The Interior Ministry a few days ago retracted the initial, mistaken, report of many tens of thousands of improper and disputed ballots, now saying there are, at most, about 6000 (about 2500 in the Camera and 3500 in the Senate votes–these were separate votes and tallies) and these are only to be certified by the magistrates and the matter will be closed. It is not even within 10% of the number needed to change the balance of power. It would seem the election is secure and the Unione has won.

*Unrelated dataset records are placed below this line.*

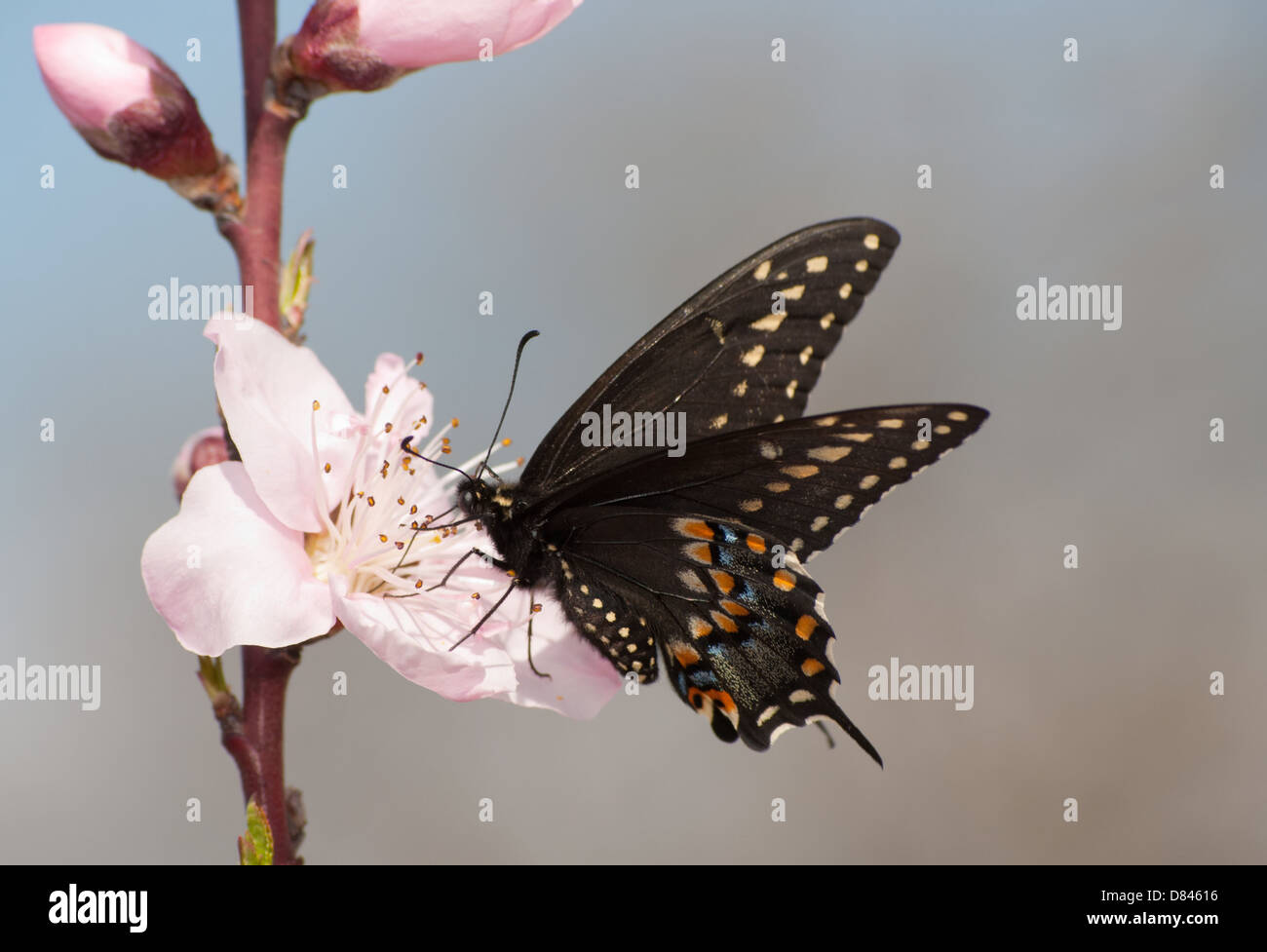 Nero orientale a coda di rondine di alimentazione a farfalla su un Fiore di pesco in primavera Foto Stock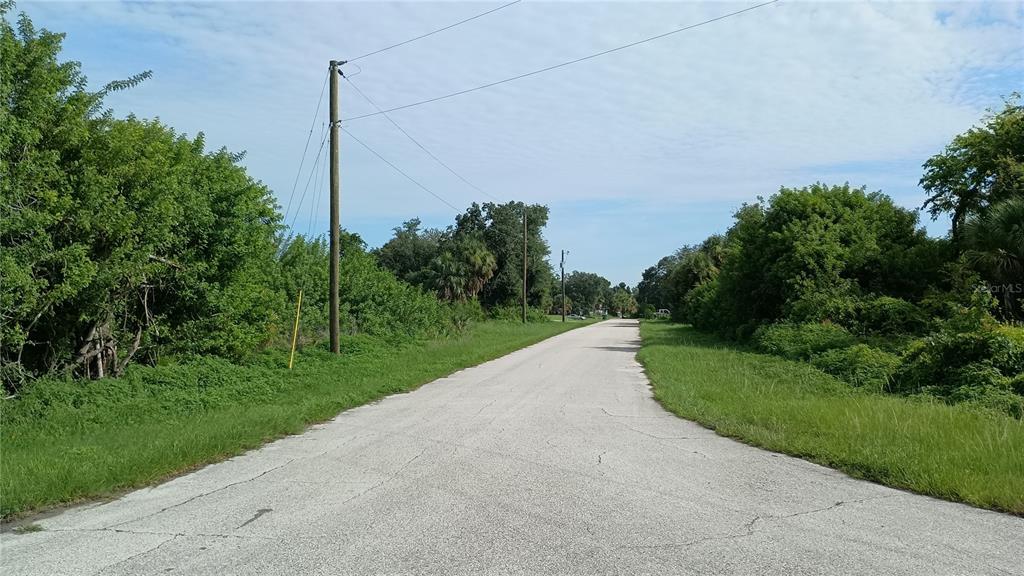 a view of a road with a yard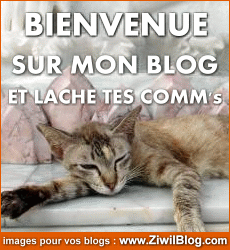 lacher vos comms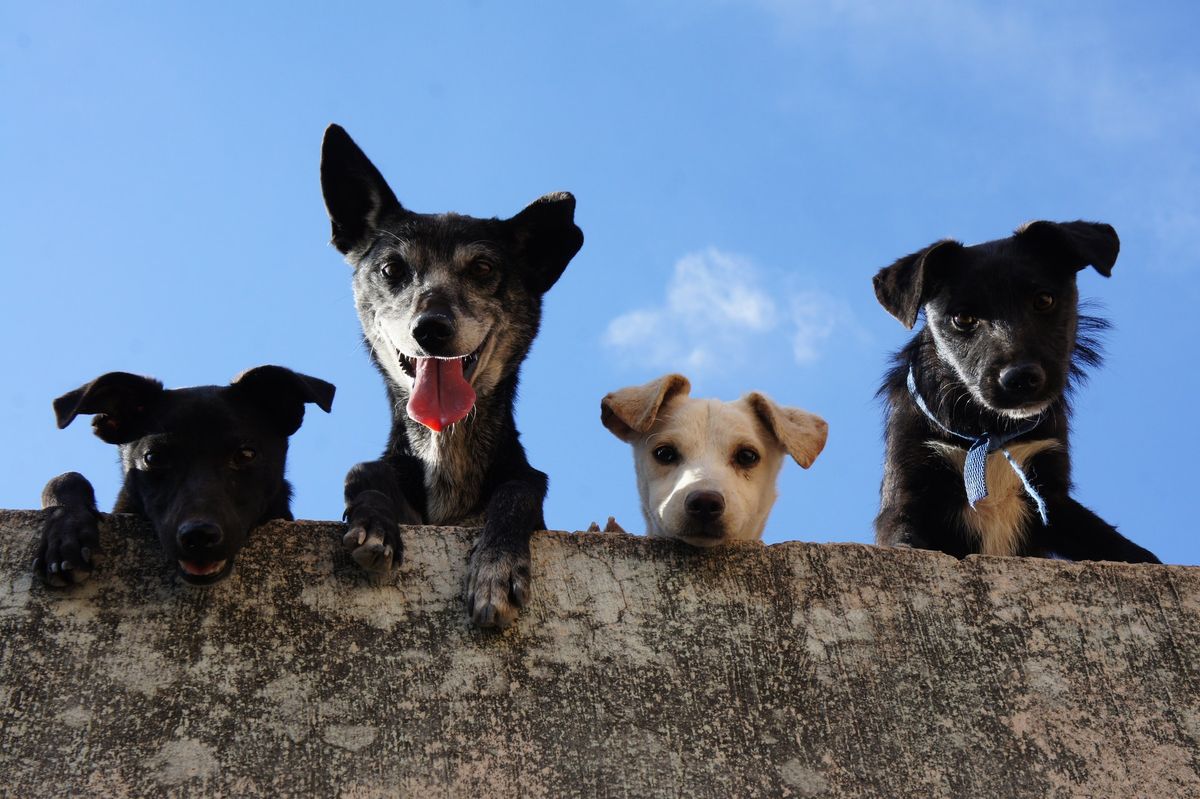 How many dogs can you have?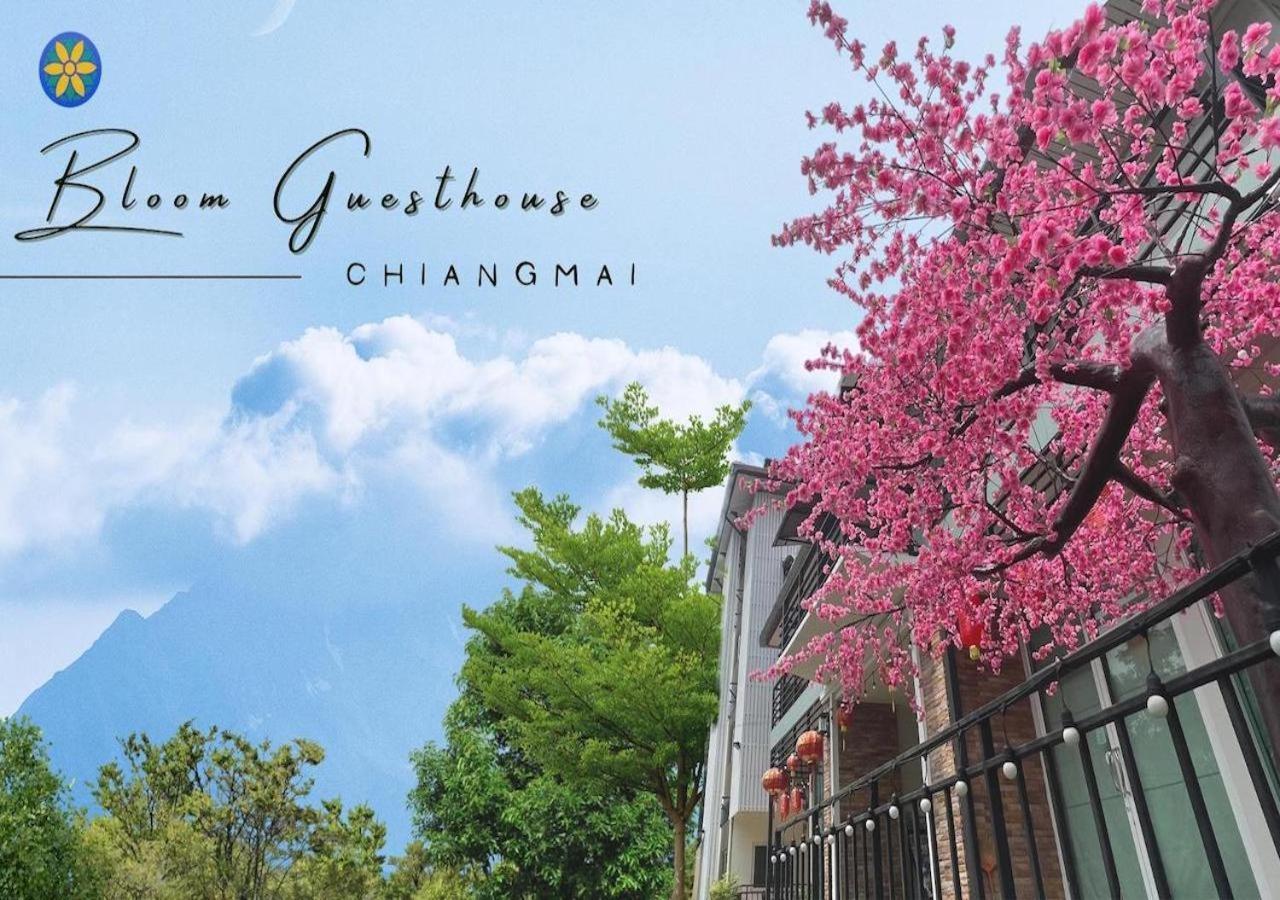 Bloom Guesthouse Chiang Mai Bagian luar foto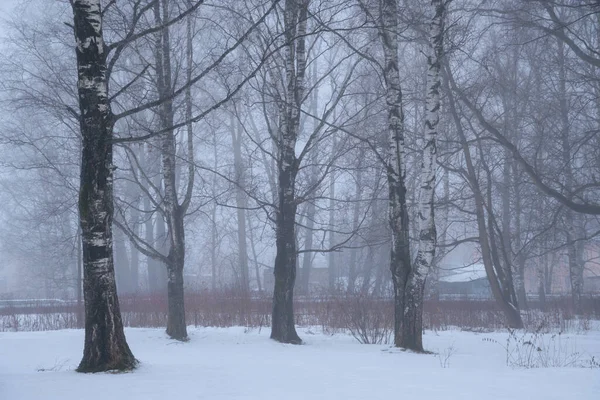 Mistige Ochtend Een Stad Park Winter — Stockfoto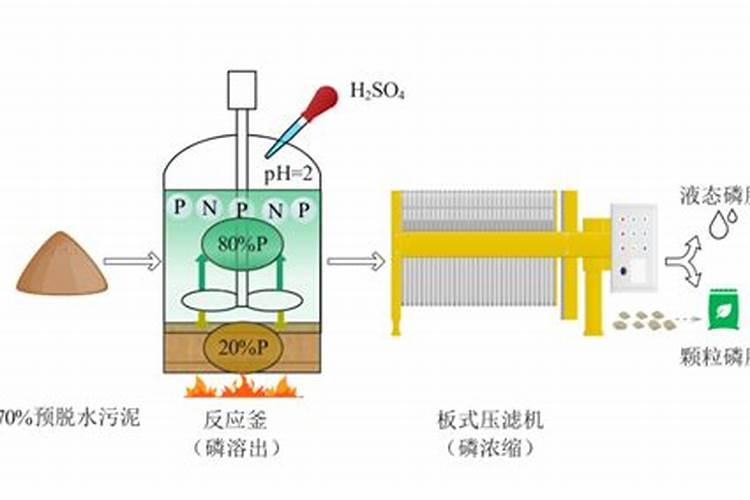赤霉素和表芸内酯混用在茶树上有什么效果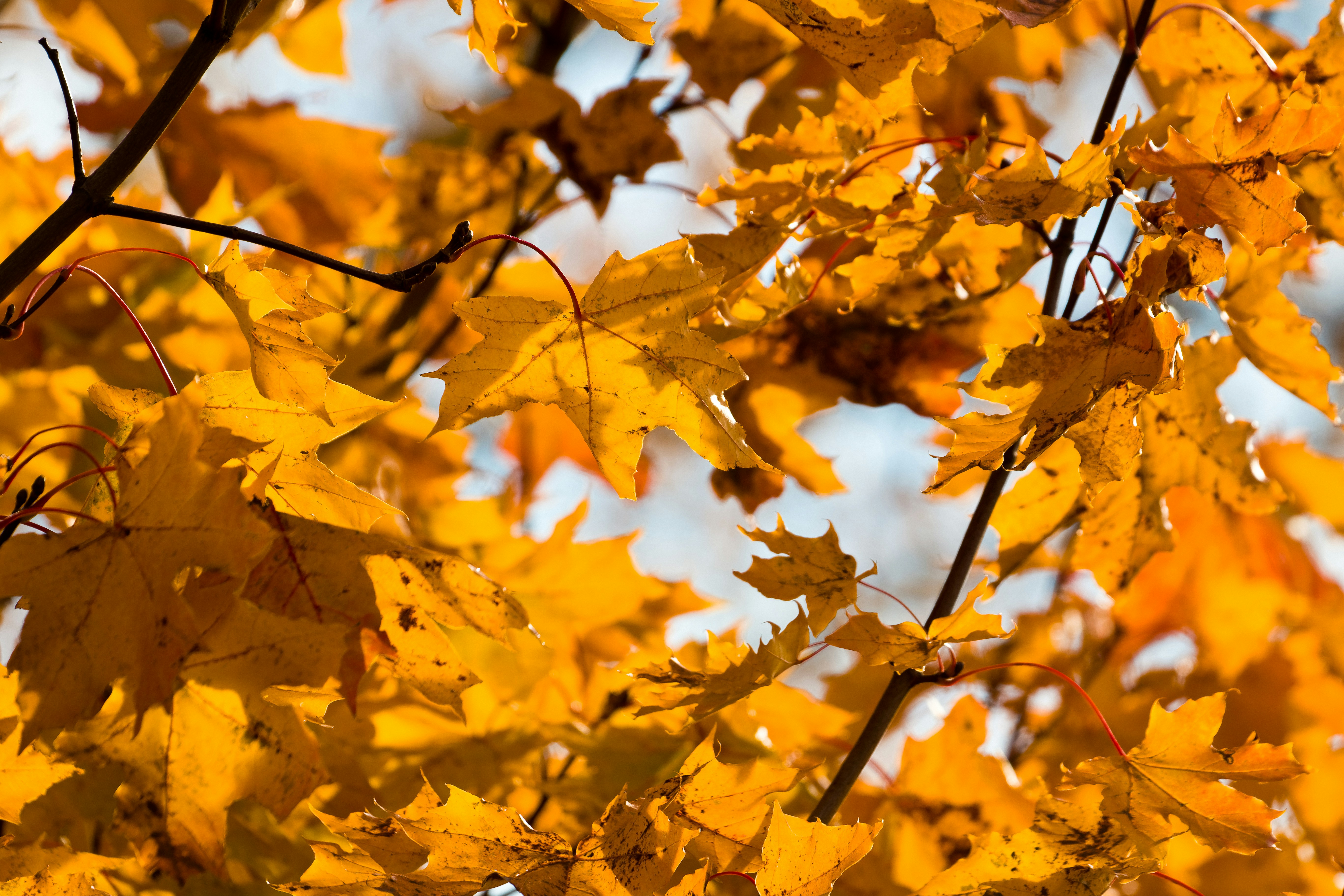 Photo by valentinhintikka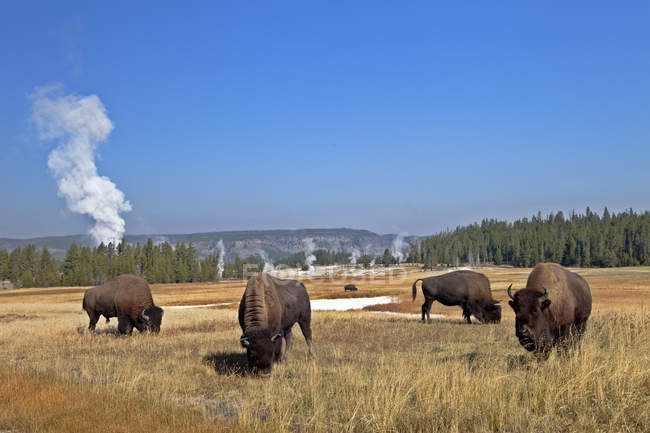 Bisons pastzing in Upper Geyser Basin, Yellowstone National Park, Wyoming, USA — стоковое фото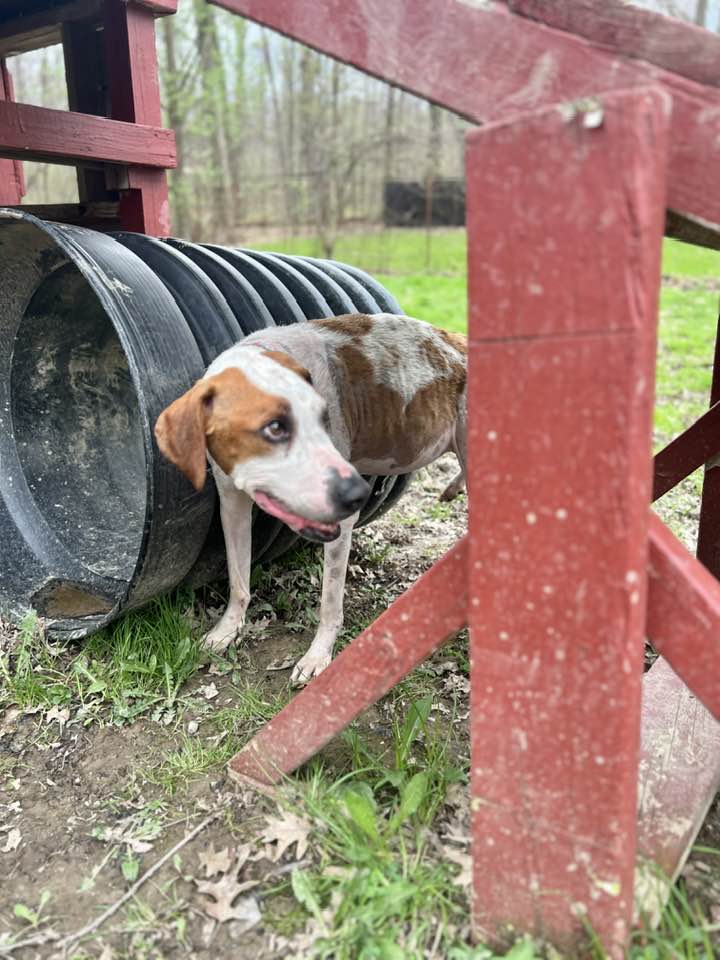 The Doggie Inn Grafton
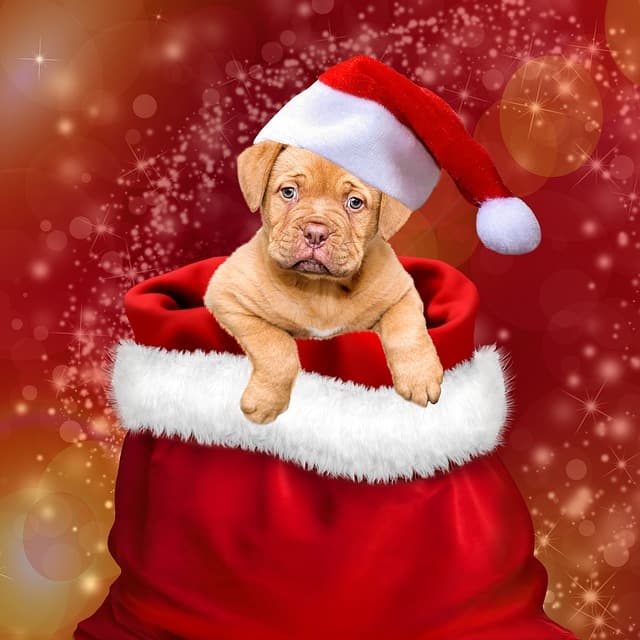 10 stratégies pour réussir la revente de vos cadeaux de Noël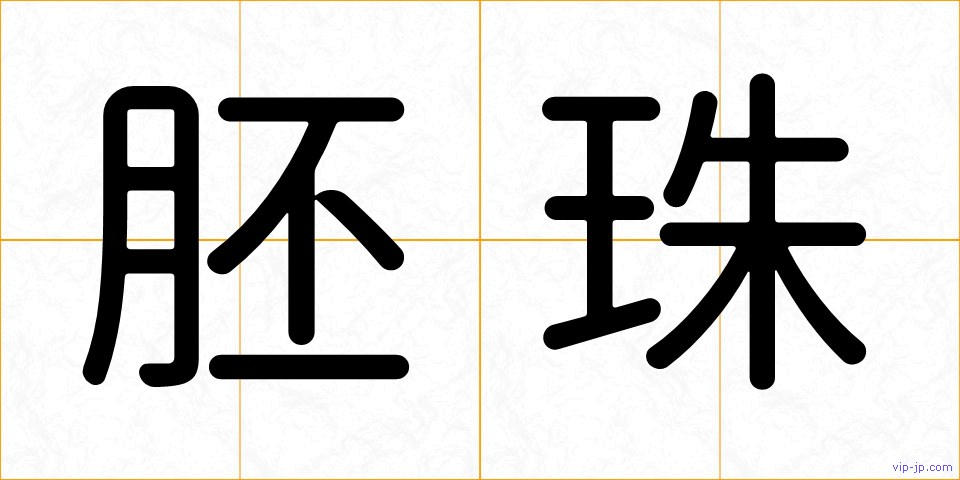 胚珠の画像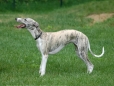 Le Whippet Whippe18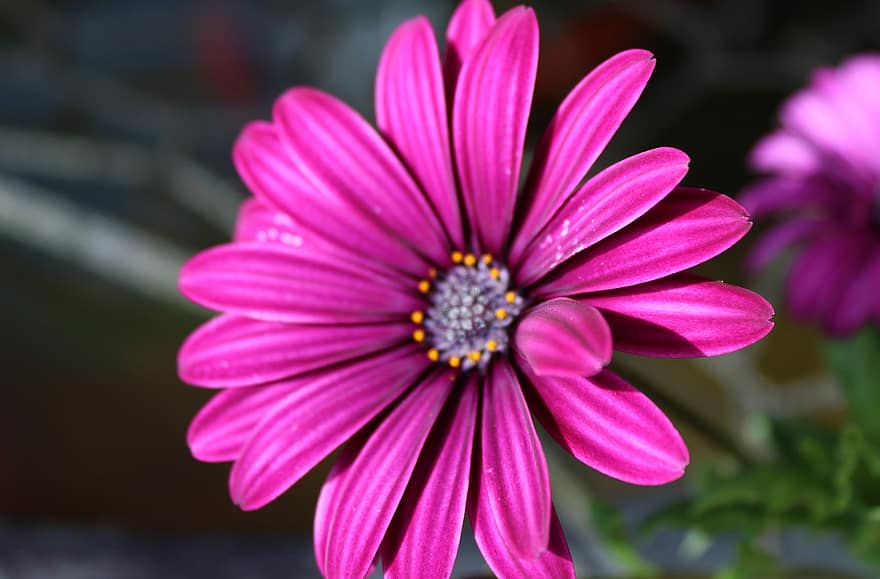 африканська ромашка, квітка, сад, пурпурна квітка, пелюстки, фіолетові пелюстки, цвітіння, флора, Рослина, природи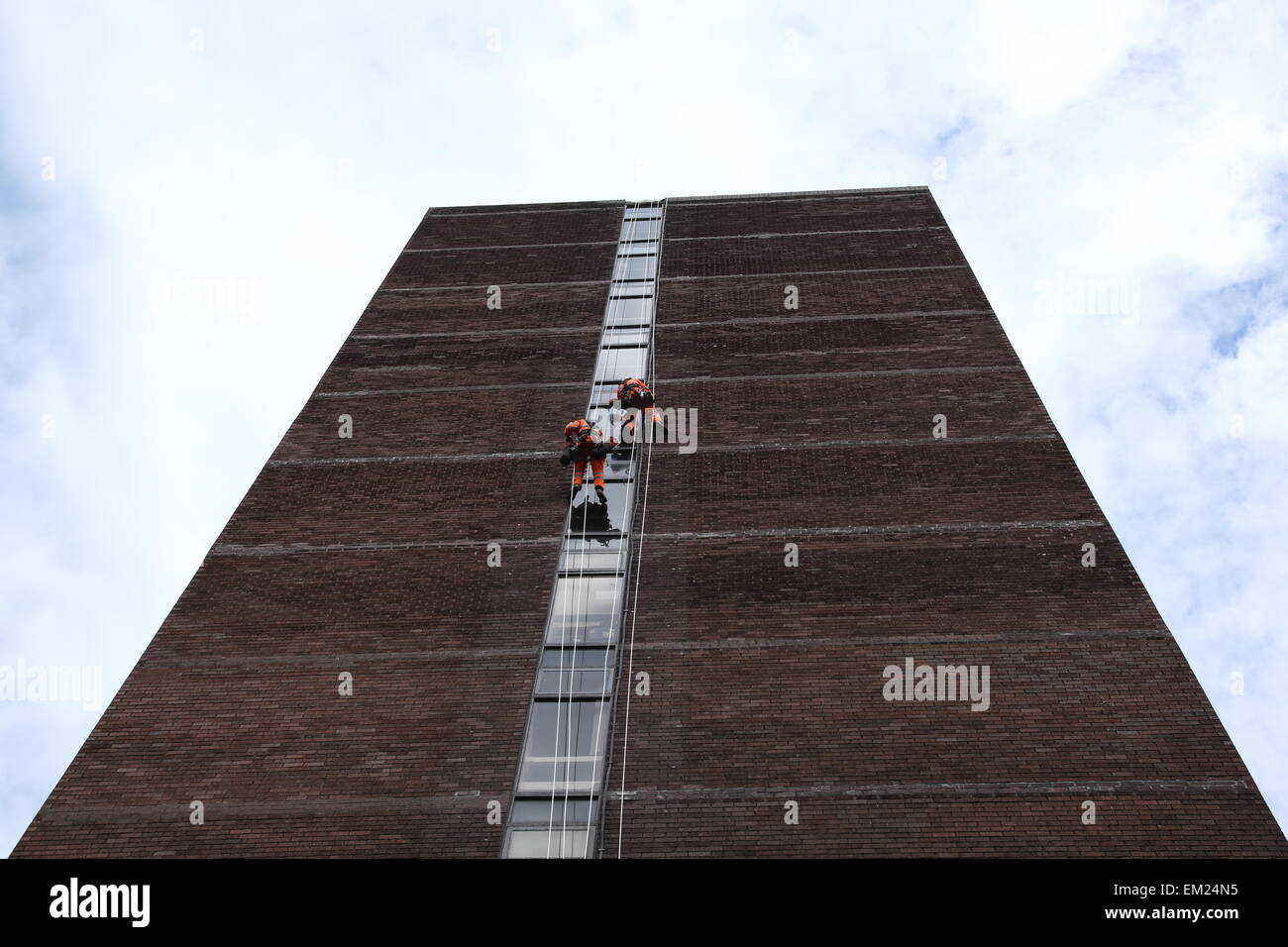 Two workers, roped for vertical access, clean the windows  of an office block in Manchester, UK Stock Photo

But Berlusconi, ever the "Master of the Big Lie," continues to play his cards in the only safe place, the media he owns, and even his disgraced and dismissed former Northern League minister Calderoni has reiterated the assertion that upwards of 40 thousand votes are in dispute, a drop in the bucket to the millions according to the premier, and they have demanded a recount. Usually, during the election, Berlusconi’s ofhand remarks have been simply foolish, but he isn’t funny this time: Berlusconi has openly threatened to bring down the government, to make it impossible for anything to move in a divided Senate (even if the left now has the clear majority in the Chamber of Deputies, in the Camera it is three votes short of an absolute majority in the Senate and both houses must approve any proposal before it becomes law).
This is a direct threat, the declaration not only of a stalemate but an open war against the half of the country that sent him packing. His party, Forza Italia, gained only 23.7% of the vote compared to the Unione coalition that achieved a vote of 31.3%. The two communist parties combined won more than the Christian Democrats–oops, the UDC–who are the survivors of the former dominant party of Italian politics before being toppled by the political scandals of the 1980s; the only reason Berlusconi is even close in the Senate is the 13 seats won by the Europhobic racist crazies from the Northern League. The margin of victory, in a genuinely sweet irony, came from the foreign vote–the very group included for the first time in the Senate elections by the action of this government.
One has to ask why? Is this just the simple incapacity of a defeated politician to accept that his party has lost? Hardly. This isn’t a war of ideology, not from a government that’s opened its arms to the worst elements of Italian political life and that has accepted the cries of "Duce" from the crowd.
Once out of power Berlusconi will be vulnerable, politically and legally, to everything from which his immunity as President of the Council has protected him.
I can only imagine that the magistrates, who as a professional group have been continually insulted and frustrated, and who have sustained repeated attempts to restrict their independence and impartiality by the (formerly) majority government, want to come down on this politico like a ton of bricks.
Even with all the bravado — not calling Prodi to congratulate him on his victory and behaving like a barbarian in the press and in rallies — Berlusconi cannot change the outcome but can threaten its stability and success. Remember, this is the same politician who claimed to have done more for Italy than anyone since Napoleon, who compared himself to Jesus, and who promised to resign from politics and disappear if not elected.
All that is in the past. It’s enough to satisfy his aims to threaten continued instability of the country. A democracy is a terrible thing to waste!
STEVE SHORE is an American physicist at a research institute in Italy.